Presence – Bringing your boldest self to your biggest challenges: Amy Cuddy (Orion publishing, 2016)
AA Milne once wrote that "you're braver than you believe, and stronger than you seem, and smarter than you think". This applies brilliantly to Cuddy’s fascinating, engaging and enlightening book. You may have already heard of the author, or even seen her TEDtalk, since she has quickly become synonymous with the topic of self-confidence and body-mind connectivity.
This circa-300 page tome provides the science, logic and real-life stories to support the overarching concept of personal presence. Described by Cuddy as the sense of “believing in and trusting yourself – your real, honest feelings, values and abilities”, presence is the state of “being attuned to and able to comfortably express our true thoughts, feelings, values and potential”. It is a transitory state of being and is therefore a moment-to-moment phenomenon. Presence is also like power: with it, we can do whatever we want; without it, we feel powerless.
Her story begins with a profound personal experience that challenged her very existence and led her to explore deeply into her own consciousness for life-saving strength. One key theme about the concept of what came to be called presence is the importance of ‘synchrony’, by which Cuddy means the harmony of emotions, thoughts, physique, facial expressions and behaviours. If there is inconsistency in one or more of these states, we will have a sense of being untrue to ourselves, or of not being quite real or authentic. And this generally betrays itself to those around us, as well as to ourselves.
Being authentic and being oneself is a fundamental of the human condition, and Cuddy points out that the authentic self is multifaceted, expressed through our thoughts, feelings, values and behaviours, and dynamic; it flexes with the context and situation we find ourselves in, in a way that enables us to be responsive and open to growth. The authentic self is therefore a state, rather than a trait: it is the experience of feeling and knowing, in the moment, that one can act with the utmost courage and sincerity.

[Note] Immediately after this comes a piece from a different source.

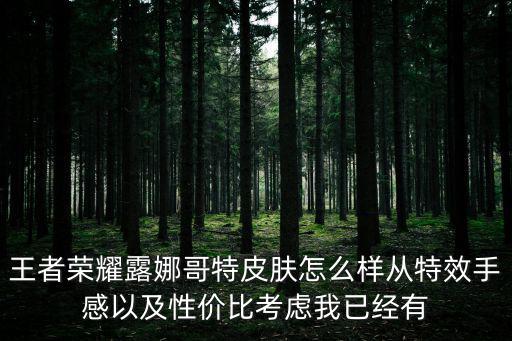 王者荣耀露娜哥特皮肤怎么样从特效手感以及性价比考虑我已经有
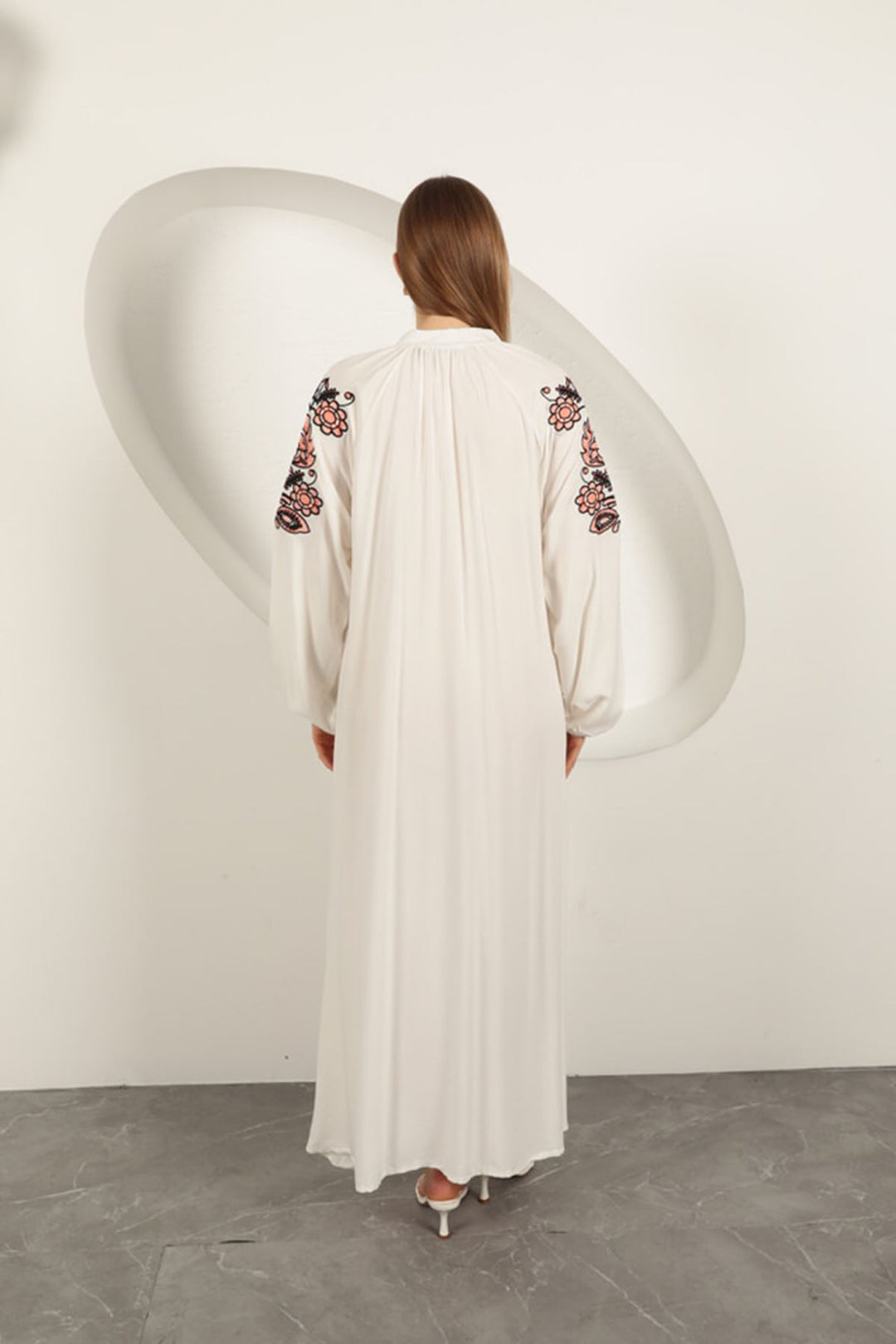 KKT Viscose Fabric Embroidered Dress-Ecru - Merseburg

The author goes on to describe four narrative themes that seem to occur most commonly in people’s life stories: agency (people being in control of their life), communion (lives described through relationships), redemption (learning and becoming strengthened by the challenges faced), and contamination (positive beginnings turning into negative endings). Thus, the description and justification of presence turns toward story-telling and the way that one describes one’s own life-story. The important message here is that who we are and how we appear are as important as what we have to say and do; not from the perspective of personal impression but from a position of projecting oneself authentically to those around us. Being able to do this creates the opportunity for rapport-building and the development of common causes.
A particularly interesting example of how one’s personal story acts positively is the description of personal strengths and values recognition compared with the impact of organisational cultural values (p55). If we are able to bring our personal values to work, we tend to operate in a more engaged and productive state than if we are required to adopt values that may not sit well with us (for more on this, go to www.valuescentre.com).
Cuddy touches on a number of themes that form a large part of personal and leader development programmes: the power of listening; of seeking to understand; of asking simple and deep questions; of developing one’s own personal story. And she also asserts that it is difficult to ‘be present’ if one is not confident of one’s reason ‘to be here’: a challenge she sets the reader is to justify being there in the moment. After all, how can one be present if one does not fully understand who one is? We can define ourself by how and what we think, by what others think of us, by our achievements, ambitions and challenges; and by the company we keep. Or probably, by a combination of all of these.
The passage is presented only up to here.